The `solve` method returns a `Result<Solution, Status>`. The `Solution` struct contains the time points, state vectors, and solver statistics. The `Status` indicates how the solver finished (e.g., `Ok`, `Interrupted`).
### Example: Solving Logistic Growth
Here's how to solve the `LogisticGrowth` model defined earlier:
```rust
use differential_equations::prelude::*;
fn main() {
// Choose a numerical method and set tolerances
let method = ExplicitRungeKutta::dop853()
.rtol(1e-7) // Set relative tolerance
.atol(1e-7);// Set absolute tolerance
// Define initial conditions and time span
let y0 = [1.0]; // Initial population
let t0 = 0.0; // Start time
let tf = 10.0; // End time
// Create an instance of the ODE
let ode_system = LogisticGrowth { k: 1.0, m: 10.0 };
// Solve the problem, requesting output every 1.0 time unit
match IVP::ode(&ode_system, t0, tf, y0)
.even(1.0) // Set Solout to output every 1.0 time unit
.method(method)
.solve() // Solve the ODE
{
Ok(solution) => {
// Check if the solver was interrupted by the event function
if let Status::Interrupted(ref reason) = solution.status {
println!("Solver stopped: {}", reason);
}
// Print the solution
println!("Solution (t, y):");
for (t, y_val) in solution.iter() {
println!("({:.4}, {:.4})", t, y_val[0]);
}
// Print solver statistics
println!("\nSolver Statistics:");
println!(" Function evaluations: {}", solution.evals.function);
println!(" Steps taken: {}", solution.steps.total());
println!(" Accepted steps: {}", solution.steps.accepted);
println!(" Rejected steps: {}", solution.steps.rejected);
}
Err(e) => eprintln!("An error occurred: {:?}", e),
}
}
```
### Output
```sh
Solver stopped: Reached 90% of carrying capacity
Solution (t, y):
(0.0000, 1.0000)
(1.0000, 2.3197)
(2.0000, 4.5085)
(3.0000, 6.9057)
(4.0000, 8.5849)
(4.3944, 9.0000)
Solver Statistics:
Function evaluations: 359
Steps taken: 25
Accepted steps: 21
Rejected steps: 4
```
## Understanding Generics: `T` and `Y`
The `ODE` trait and related components like `IVP::ode` are defined with generics `<T, Y,...>`:
* `T`: Represents the floating-point type used for calculations (e.g., `f64` or `f32`). This type applies to time and the components of the state vector.
* `Y`: Represents the type of the state vector. This can be:
* A scalar `T` (e.g., `f64` or `f32`) for single-component systems.
* A `[T; N]` fixed-size array.
* A `Vec<T>` dynamically sized vector.
* An `nalgebra::SVector<T, N>` or dynamic nalgebra matrix/vector with the `nalgebra` feature.
* An `ndarray::Array<T, D>` with the `ndarray` feature.

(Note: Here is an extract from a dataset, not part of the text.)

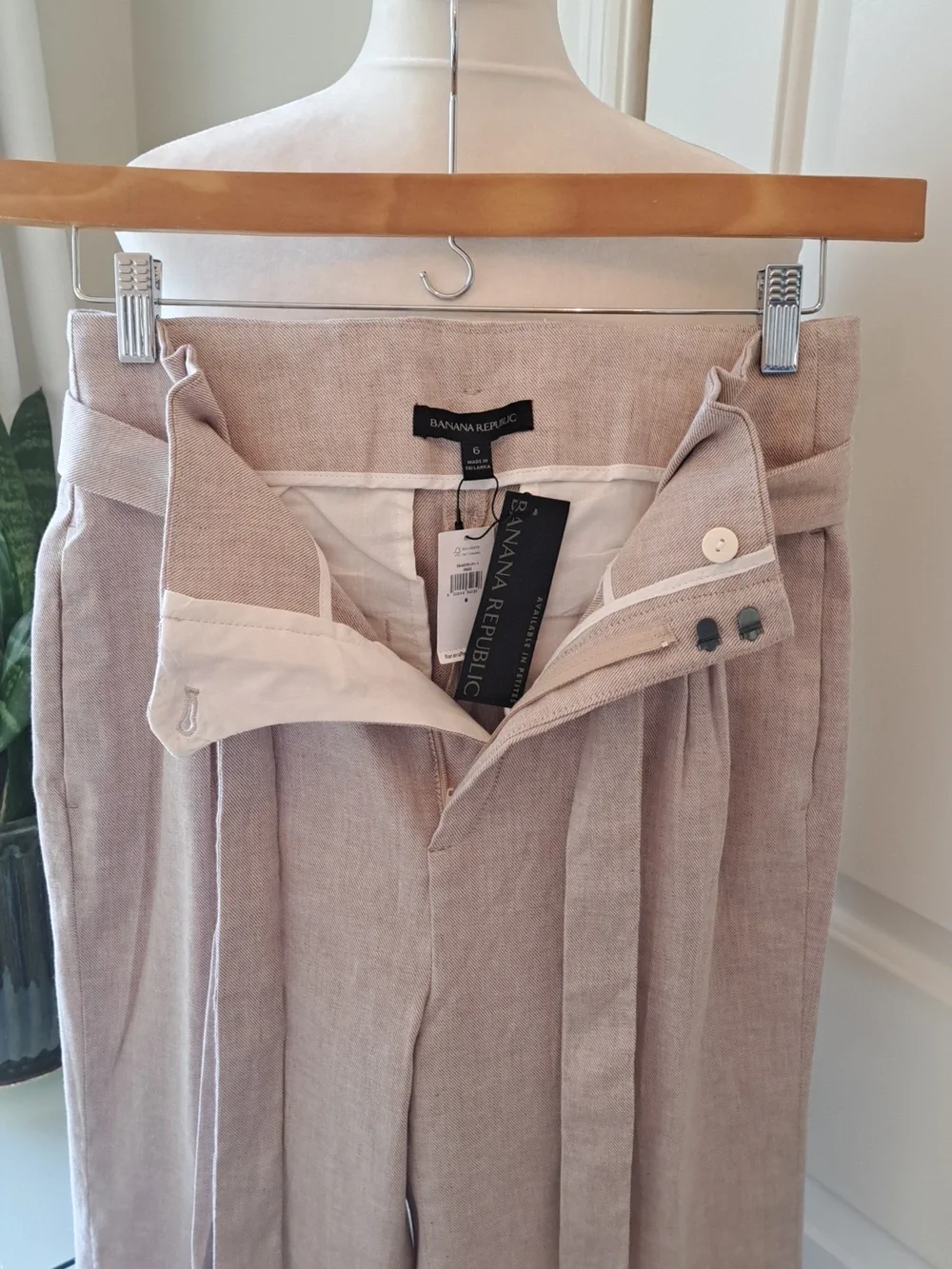 NWT Banana Republic Womens Linen Blend Wide Leg High-Rise Trouser Pants 6‎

* A `faer::Mat<T>` with the `faer` feature.
* A custom struct (deriving the `State` trait) with fields of type `T`.
The examples directory intentionally uses a mix of these forms: scalars for the
smallest examples, `Vec<f64>` for dynamic vector states, `ndarray::Array1`
for an event example, `faer::Mat` for a matrix-backed scalar integration example,
nalgebra vectors/matrices for linear algebra-heavy examples, and custom structs
with `#[derive(State)]` for named domain state.
Omitted `ODE` generics default to `T = f64` and `Y = f64`.

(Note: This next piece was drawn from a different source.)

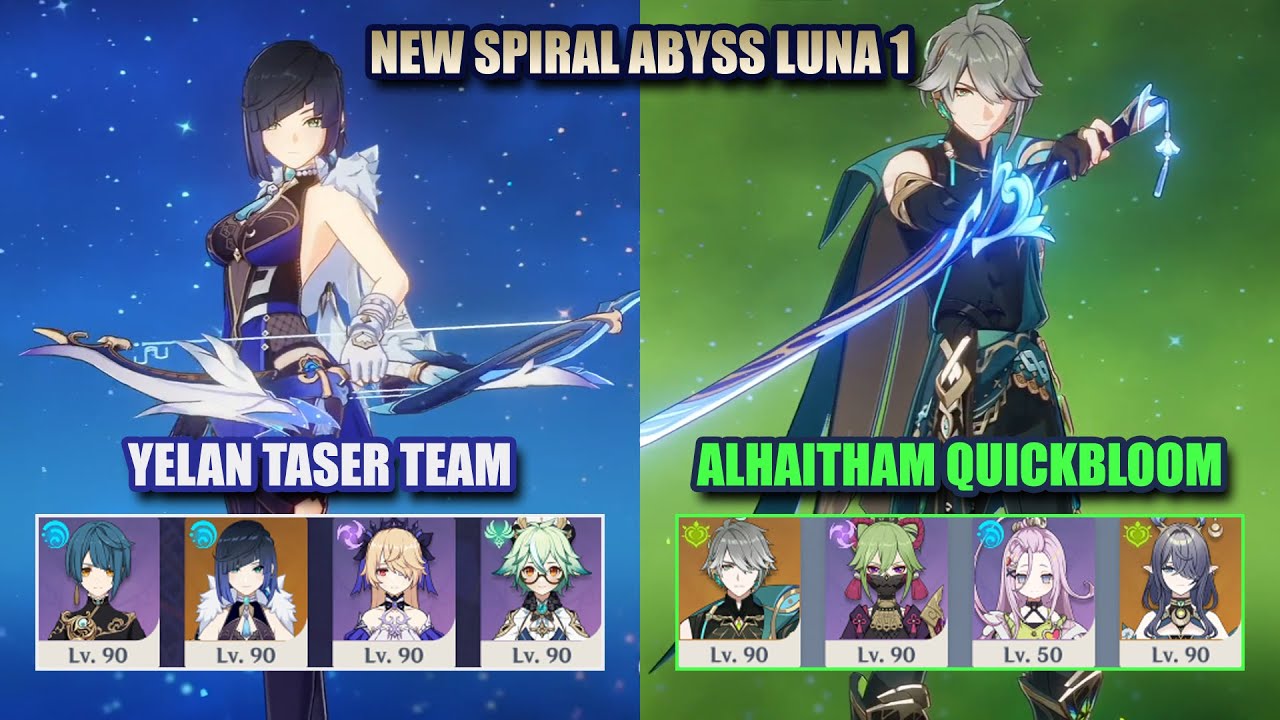 NEW Spiral Abyss Luna 1 | Yelan Taser & Alhaitham Lauma Quickbloom | Genshin Impact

In the `LogisticGrowth` example, `impl ODE` uses the default scalar
state. For multi-component systems, use `[f64; N]`, `Vec<f64>`, a feature-backed
matrix/array type, or a custom `State` struct.
This generic setup provides flexibility, allowing you to define simple or complex systems of differential equations tailored to your specific numerical precision and state representation needs.